- The Washington Times - Wednesday, June 21, 2006

The Maryland State Board of Elections yesterday said a petition for a referendum that would bar early voting has failed to get enough signatures.

The petition fell 138 signatures short of the 17,062 needed to put the referendum on November’s ballots, said Donna Duncan, deputy administrator of the elections board.

Thomas W. Roskelly, chairman of group that collected the petition signatures, demanded a public recount.

“This whole thing is being done in private,” said Mr. Roskelly, who learned of the signature shortfall from reporters. “Is politics involved in this whole process? The answer is: ‘You bet.’”

Election officials were recounting the signatures yesterday, and Mr. Roskelly will receive formal notice of the count today, Ms. Duncan said.
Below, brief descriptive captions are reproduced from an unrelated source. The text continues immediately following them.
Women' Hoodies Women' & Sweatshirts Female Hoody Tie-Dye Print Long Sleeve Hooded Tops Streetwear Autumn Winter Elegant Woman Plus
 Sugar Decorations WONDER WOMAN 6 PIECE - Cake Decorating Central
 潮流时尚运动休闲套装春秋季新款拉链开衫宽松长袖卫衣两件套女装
On Monday, the State Board of Elections reported it had certified nearly 40,000 signatures on the petition, which the Annapolis-based group Marylanders for Fair Elections submitted May 30.

The group says the early voting law enacted by Democratic-controlled General Assembly this year invites voter fraud. The law allows voting in certain precincts as early as five days before Election Day.

Gov. Robert L. Ehrlich Jr., a Republican seeking re-election this fall, vetoed the early voting legislation last year and supported the petition drive, citing the potential for voter fraud.

An Ehrlich spokesman yesterday declined to comment before the State Board of Elections makes a formal announcement about the petition’s status.

Democratic lawmakers overrode Mr. Ehrlich’s veto of the early voting measure during this year’s regular session.

Maryland Democratic Party spokesman David R. Paulson said he was not surprised the petition appears to have fallen short.

“The voters saw through the baseless accusations and rejected [the governor’s] effort to suppress voter turnout,” he said. “Maryland is joining the majority of other states in this country that have early voting programs to increase voter participation.”

Some form of early voting is conducted in more than 20 states.

Mr. Roskelly, who was told Monday that he had enough signatures, questioned the petition’s sudden reversal of fortune.

He noted that the signature shortfall was discovered a day after Democratic lawmakers held a press conference to criticize the petition effort.

“The confidence is kind of striking,” Mr. Roskelly said.

Maryland’s elections board has been a partisan battleground during Mr. Ehrlich’s tenure. Democratic lawmakers intervened to save the job of elections board Administrator Linda H. Lamone, whom Mr. Ehrlich was seeking to oust.

“There should be a public recount with every media outlet in the room while they do it,” Maryland Republican Party spokeswoman Audra Miller said.

Under state law, an act of the General Assembly becomes a ballot question if a petition is signed by 3 percent of the number of voters who voted in the last gubernatorial election.

The early-voting petition needed a total of 51,185 signatures.

The first third of the signatures — 17,062 — were due May 30. That portion of the petition appears to have come up short.

The remaining 34,123 signatures were due June 30, but a failure to submit the first batch disqualifies the effort.